たとえそういうことがなくても、それがどれほどやっかいなことかは今の人にはもう理解できまい。

ただ中国関係の記事を注意深く読めば、当時の日本軍のこういった状態もある程度は理解できるのではないかと思う。

これはほんの一例だが、「文藝春秋」昭和四十七年十月号の『中国に何か起っているか』で、森康生氏が「諸君!」に載った「大躍進時代」を語る陳福栄氏と中嶋嶺雄氏の対談から引用して、次のように述べておられる。

初めの五行が陳氏の発言の趣旨である。

>「弱点、欠点を(下から上へ)報告すれば、かえって上の方から大変怒られますから、成績を報告するだけになります。

いちばんひどかったのは人民公社初期のころで、そのときのやり方は、いよいよ収穫になると、ほかのところの稲をみんな集めてきて移すのです。

そして、ほかのところから植えられたみかけだけの豊作田は、他の人民公社の人々に見せられる。

ある人はこんなことはいけないんじゃないかと思っても何もいえない」


私は黙っている人を非難する気にはなれない。

批判がましいことをいえば、「大躍進を妨害する反革命分子」という三角帽子をかぶせられ、恐ろしい人民裁判が待っていることを知っているからだ。<


私は中国へ行ったことがないから、これが大躍進の実態ですと陳福栄氏が嘘をついていても、それはわからない。

しかし、これが大日本帝国陸軍の”大躍進の時代”の実態ですというのなら、いつでも「その通りでした」といえる。

まず「弱点、欠点を(下から上へ)報告すれば、かえって上の方から大変怒られますから、成績を報告するだけになります」と。
まさにその通りである。

ただ違うのは、三角帽子をかぶせられて人民裁判にかけられるのでなく、徹底的な罵声・怒声・罵詈讒謗をあびせられ、なぐられて、足蹴にされるという点であった。

どちらがひどいか私にはわからない。

三角帽子と人民裁判を、フース氏のように「暴力よりさらに耐えがたい暴理」だとすればこの方がひどいが、私は大体、似たようなとこだろうと思っている。

というのはどちらも「トッツク」ことだからである。

トッツクとはこの状態を示す軍隊語だが、これを今日の日本語に訳すことは不可能であろう。
ただこの言葉の示す実態なら、後述する通りである。

司令部には、隷下の多くの部隊から、私のような「陳情係将校」が、入れかわり立ちかわりやって来た。

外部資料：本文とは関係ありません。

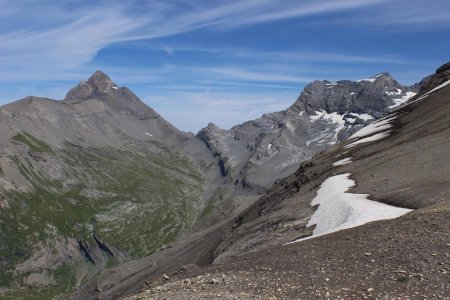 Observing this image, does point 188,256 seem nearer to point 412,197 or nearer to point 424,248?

その人たちとは「同病相憐れむ」のかすぐ顔なじみになったが、その中では私が一番若く、階級も最も低かったためであろう、みな私に同情していろいろと細かい注意をしてくれた。

行く道ですべての人がまるで挨拶のように口を揃えて言った言葉は「ドロガメにトッツカレンようにな」であり、帰る道で言った言葉は「大丈夫だったか、ドロガメにトッツカレンかったか」であった。

「弱点、欠点を下から」すなわち砲兵隊から、「上へ」すなわち司令部に報告し、しかも報告している人間も「下から」すなわち見習士官から「上へ」すなわち少佐参謀へという形になれば、たちまち徹底的にトッツカレルのである。

ドロガメにつかまる。

ナニー、ウン、砲兵隊か。砲兵隊の戦備はドーナットルー!何をグズグズシトル

実は測角器材が皆無なため、何も手をつけられない状態でありまして……
ここまで言えばもう先は明らかであった。

ナニッ、器材ないから戦備がデキント。貴様ソレデモ国軍の幹部カッ……」に始まり、後は罵声、怒声、殴打、足蹴である。

前に「正直なところ背筋がゾクッとした」と書いたのは、反射的にこの情景が脳裏に浮んだからである。

高木俊明氏がビルマ戦線における花谷中将のこういった異常な状態を書いておられる。

だれでもかでも殴りつけ蹴倒し、「腹を切れ」といい、連隊長でも副官でも兵器部長の大佐でも容赦しない――だがあれを読んだ人が、花谷中将という人だけが異常だったと考えればそれは誤りである。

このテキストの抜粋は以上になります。